Flavor-wise, expect classic imperial stout territory, rich roast, dark chocolate bitterness, caramel malt richness, with the barrel aging adding subtle oak, gentle sweetness, and a warming finish. Previous batches have typically hovered closer to the 10% range, so this year’s 11.5% version carries a little extra heft without suggesting it’ll tip into syrupy territory.
Toes Up has quietly become a recurring platform stout for the brewery, a dependable imperial base that occasionally gets the barrel treatment or other variations. It’s a smart approach. Instead of chasing novelty, they’ve built familiarity first, which tends to keep local drinkers coming back year after year.
And while dark beer isn’t new to the regional craft scene, the past few winters have seen more breweries experimenting with heavier stouts, barrel projects, and collaborations. Some are excellent but fleeting, one-off batches you hear about once and never see again. Toes Up occupies a different space: an established seasonal return from a brewery with enough track record that people trust what’s coming out of the can.

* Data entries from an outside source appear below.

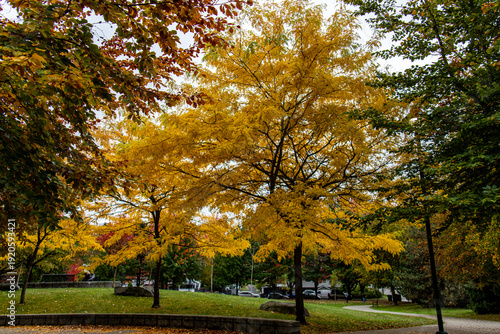 Golden yellow honey locust trees in a city park during autumn in Vancouver Canada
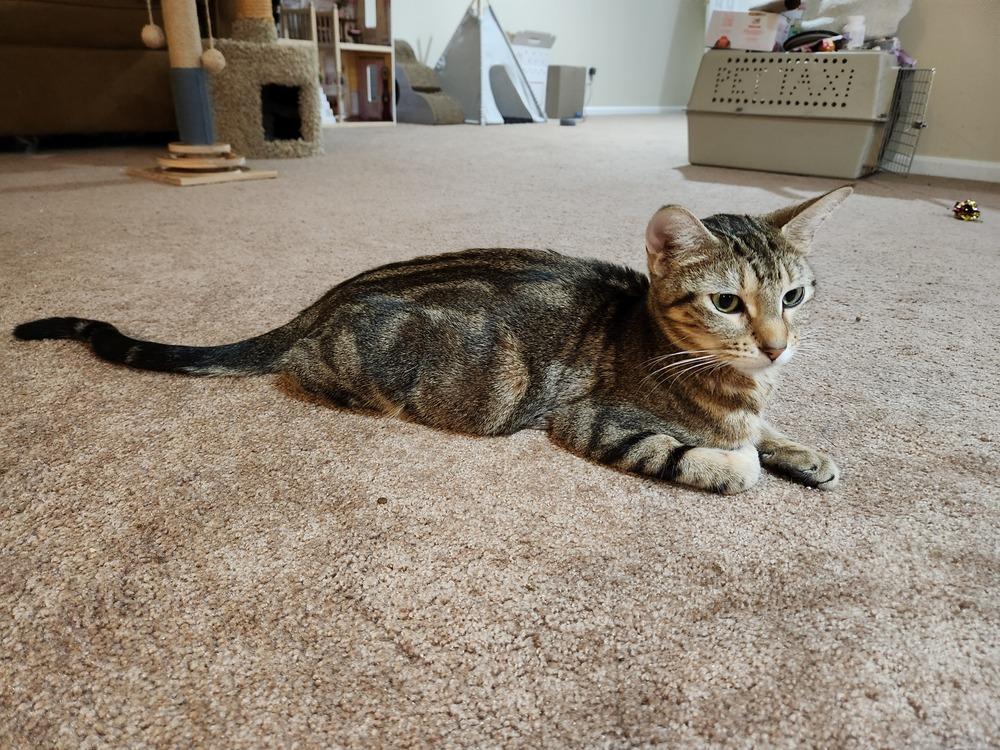 Enlarge Sara Lee, a Adoptable Domestic Short Hair in Wheaton, IL image 3/6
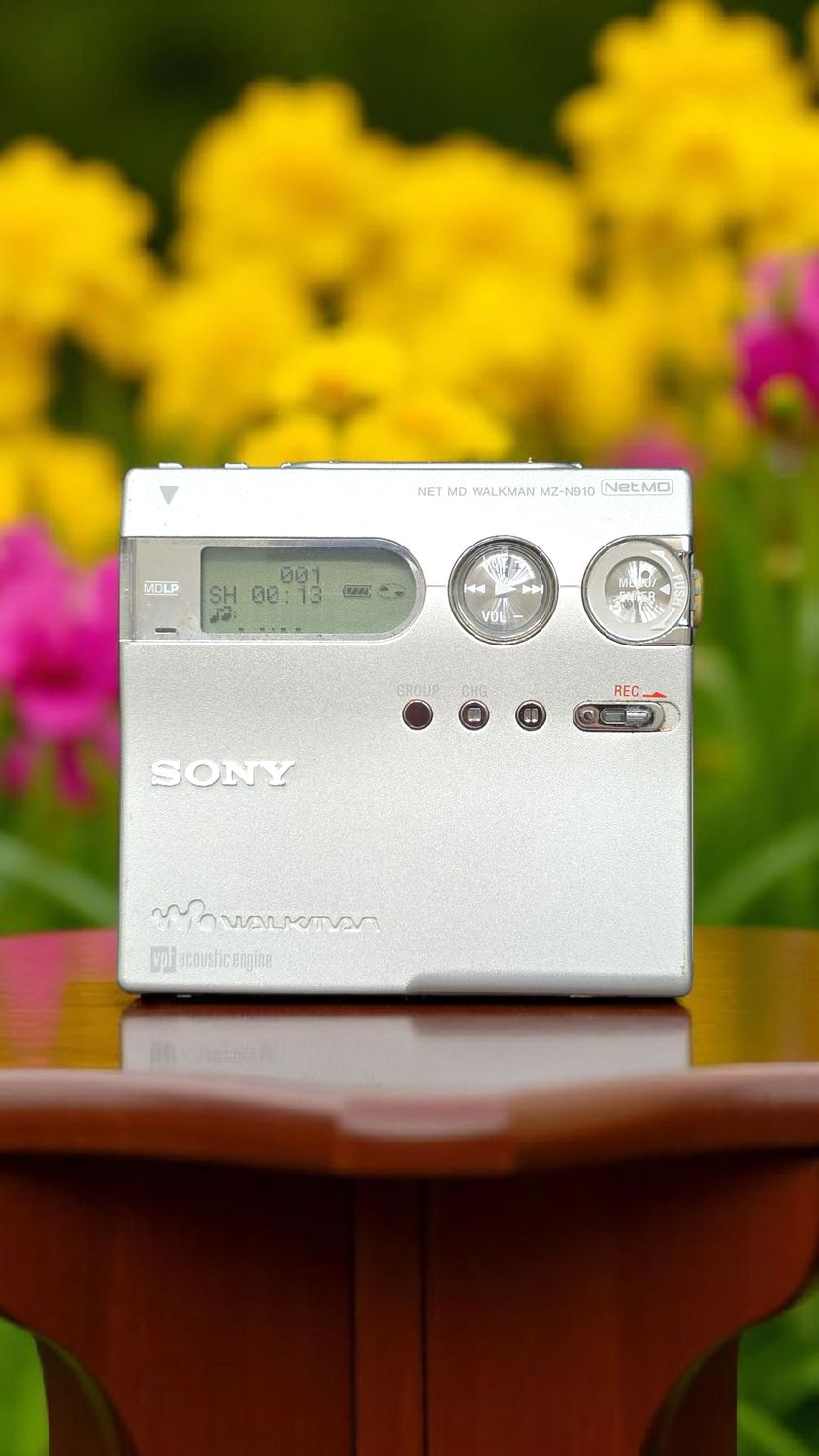 Sony MZ-N910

That reputation didn’t appear overnight. The brewery sits within a broader regional brewing lineage tied to the historic Stegmaier legacy, but it’s spent the last decade or more carving out its own identity, consistent flagships, disciplined seasonal releases, and a balance between craft credibility and everyday drinkability. Awards help reinforce that story, but more important is the simple fact that locals keep buying the beer.
Historically, drinkers tend to describe Barrel-Aged Toes Up as dessert-leaning without becoming cloying, noticeable bourbon character, layered roast, and a body that drinks smoother than the ABV might suggest. That balance is probably why it continues to show up each winter rather than fading into the long list of experimental stout releases that never quite stick.

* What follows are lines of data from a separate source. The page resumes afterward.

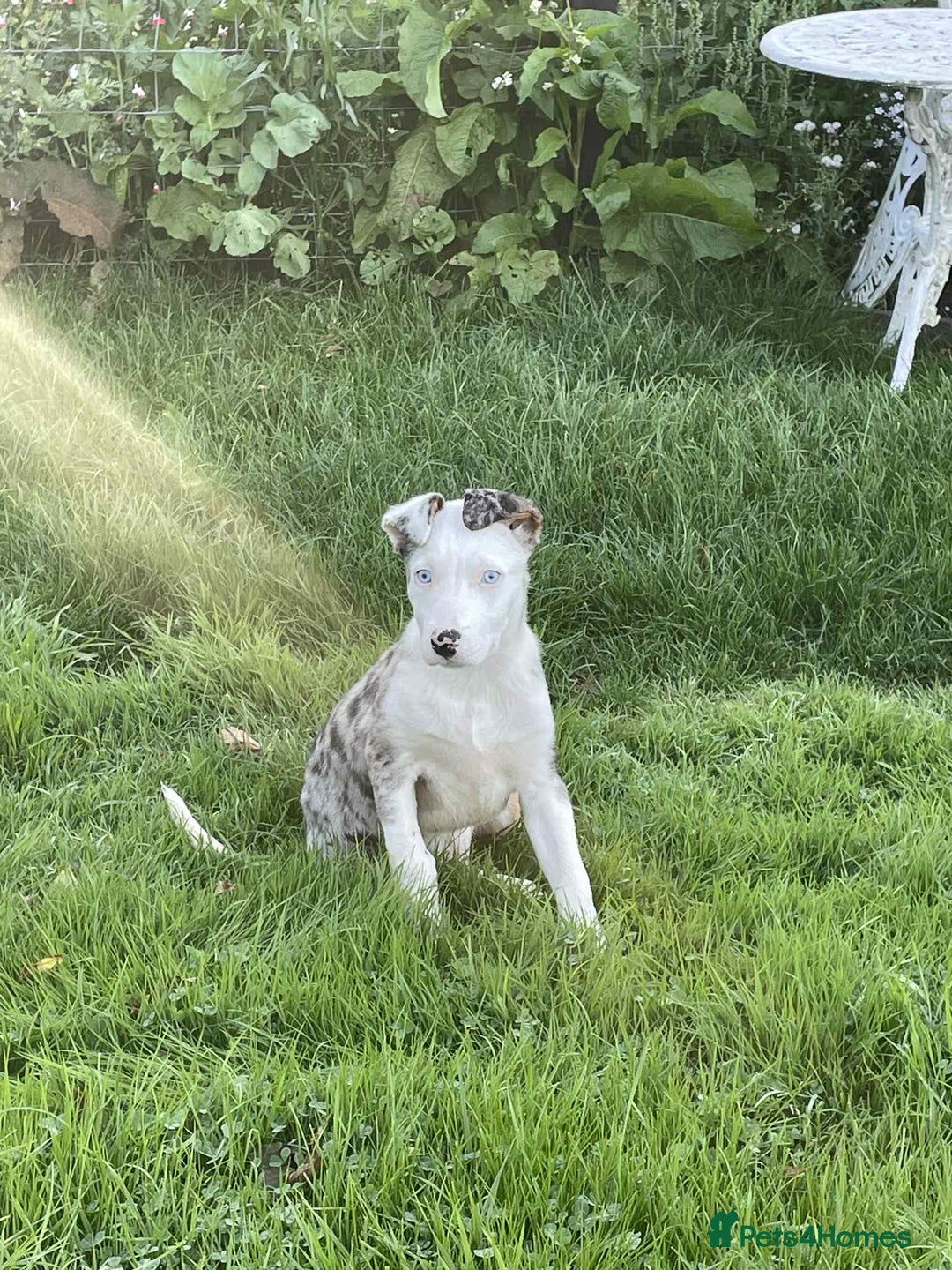 Bearded Collie dogs for sale: Beautiful blue merle border collie pups! - Image 23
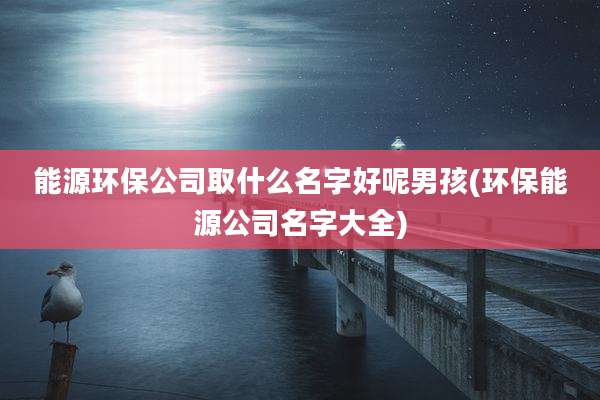 能源环保公司取什么名字好呢男孩(环保能源公司名字大全)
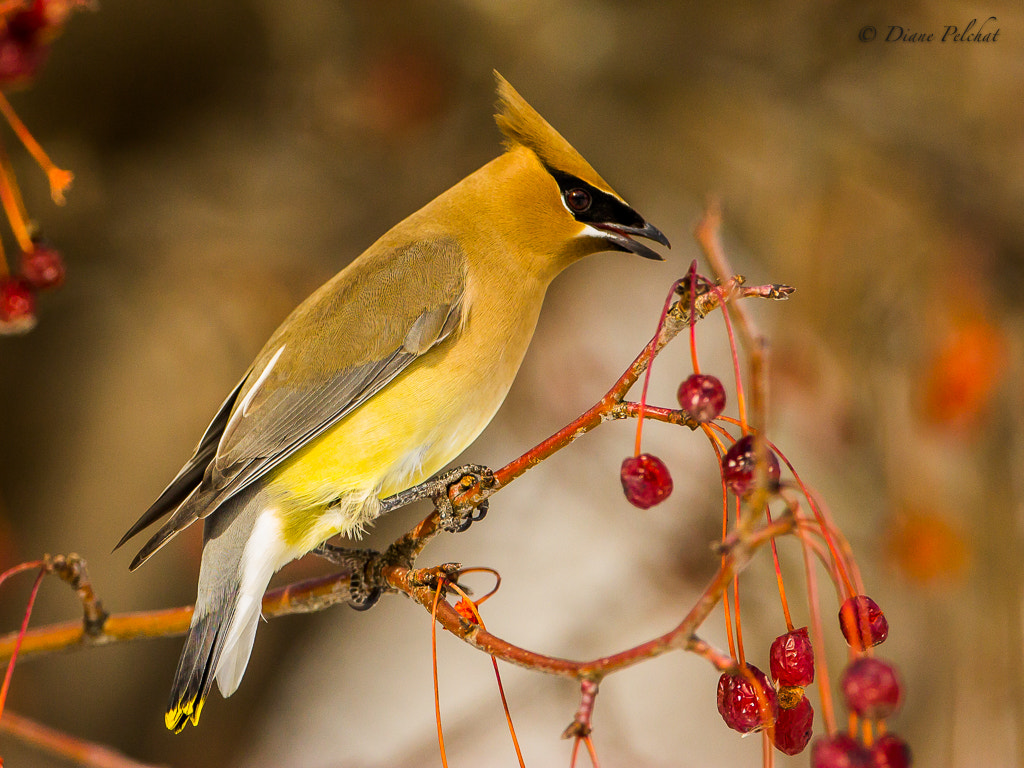 Canon EOS 60D + Canon EF 300mm F2.8L IS II USM sample photo. Cedar waxwing photography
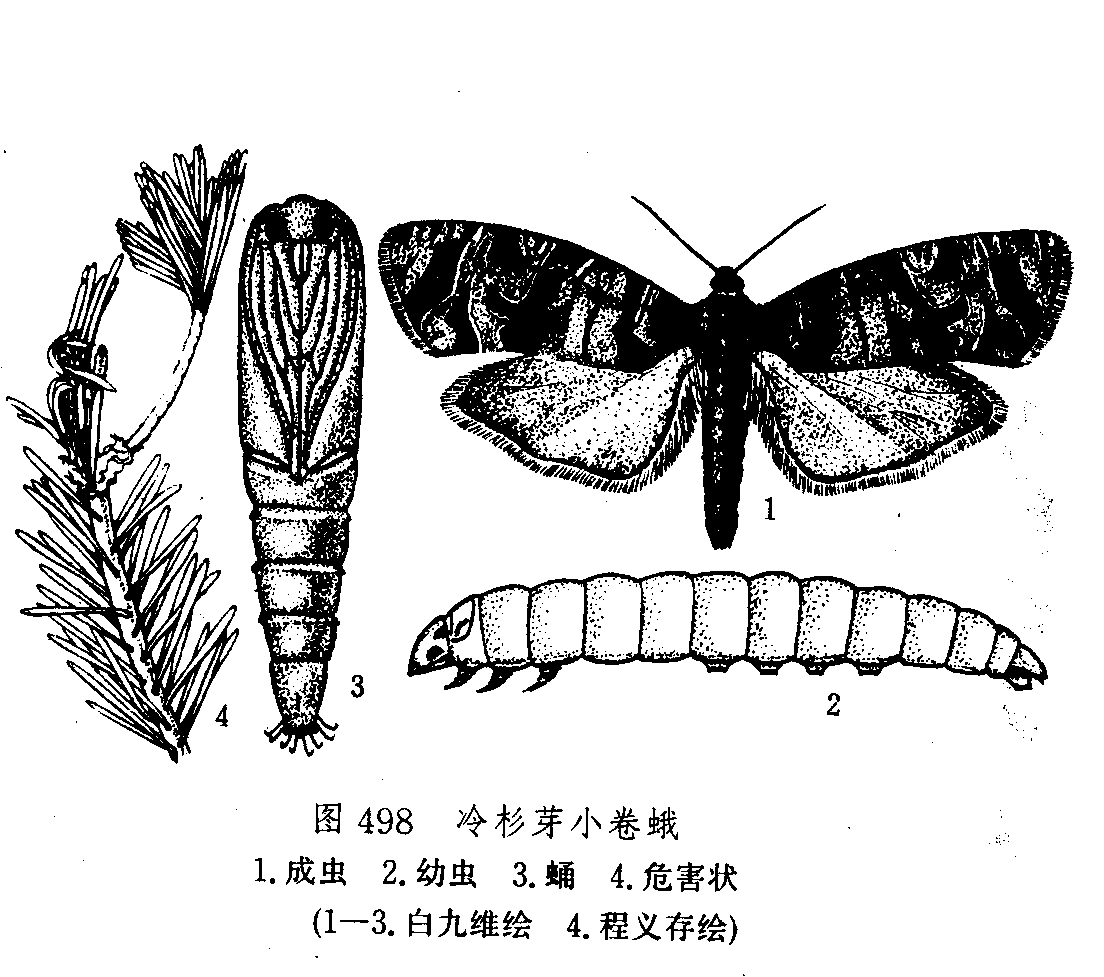 冷杉芽小卷蛾 (动物)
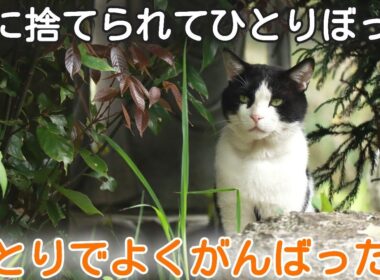 【捨て猫から家猫へ】冬山に突然捨てられひとりで生き延びた炎ちゃん　本当によくがんばったね
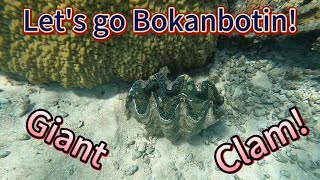 Daily in Marshall Islands No31 Lets go Bokanbotin again XD 馬紹爾日記31 來去Bokanbotin小島找硨磲貝 [upl. by Ambert855]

If you’re planning to track it down, the Pittston tasting room will be the primary release point, with draft pours and cans expected there first. The Scott Township location often sees draft availability as well, though distribution beyond brewery locations can be selective enough that nothing should be assumed.
Timing-wise, this release lands at that late-winter moment when people still want something warming but know spring beers aren’t far off. It’s less a kickoff than a curtain call, one last dark, slow-sipping stout before lagers, pilsners, and patio weather start reclaiming attention.
And maybe that’s the right way to think about Barrel-Aged Toes Up. Not hype. Not nostalgia. Just a well-made regional stout that gives NEPA beer drinkers one more good excuse to linger over a glass while winter takes its time heading out the door.